DATA FOR REVIEW »
_ _ _ _ _ _ _
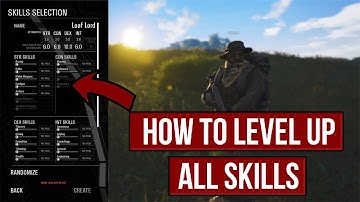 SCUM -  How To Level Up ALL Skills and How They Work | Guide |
_ _ _ _ _ _ _
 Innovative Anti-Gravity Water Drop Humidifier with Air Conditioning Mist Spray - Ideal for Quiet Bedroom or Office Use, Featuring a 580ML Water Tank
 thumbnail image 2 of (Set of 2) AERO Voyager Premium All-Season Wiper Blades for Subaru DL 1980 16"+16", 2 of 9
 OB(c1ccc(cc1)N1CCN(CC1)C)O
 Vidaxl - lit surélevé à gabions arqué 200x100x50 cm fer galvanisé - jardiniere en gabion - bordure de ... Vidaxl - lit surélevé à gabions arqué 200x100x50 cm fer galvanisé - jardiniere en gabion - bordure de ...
_ _ _ _ _ _ _
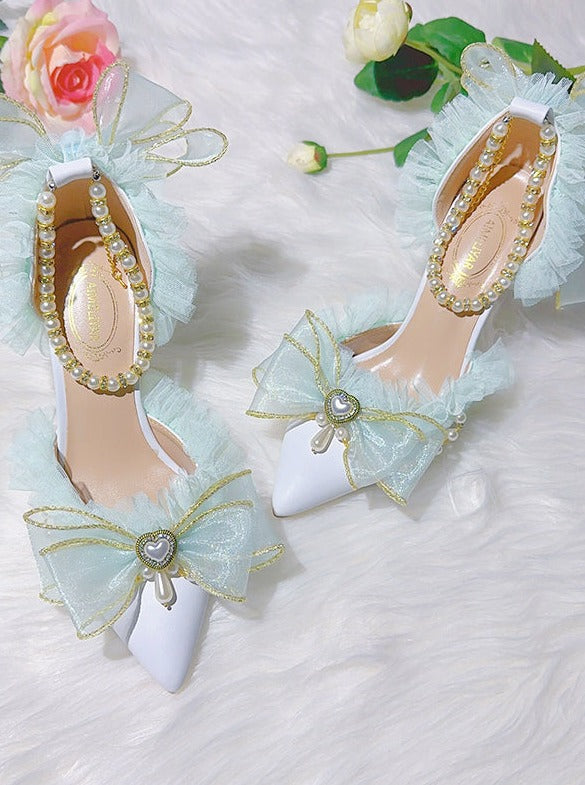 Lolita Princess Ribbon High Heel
_ _ _ _ _ _ _
WORK REQUEST » Return exactly the lines above from the line that has "Innovative Anti-Gravity Water" through the line that has "de ... Vidaxl", inclusive, and nothing else.

OUTPUT BELOW »
 Innovative Anti-Gravity Water Drop Humidifier with Air Conditioning Mist Spray - Ideal for Quiet Bedroom or Office Use, Featuring a 580ML Water Tank
 thumbnail image 2 of (Set of 2) AERO Voyager Premium All-Season Wiper Blades for Subaru DL 1980 16"+16", 2 of 9
 OB(c1ccc(cc1)N1CCN(CC1)C)O
 Vidaxl - lit surélevé à gabions arqué 200x100x50 cm fer galvanisé - jardiniere en gabion - bordure de ... Vidaxl - lit surélevé à gabions arqué 200x100x50 cm fer galvanisé - jardiniere en gabion - bordure de ...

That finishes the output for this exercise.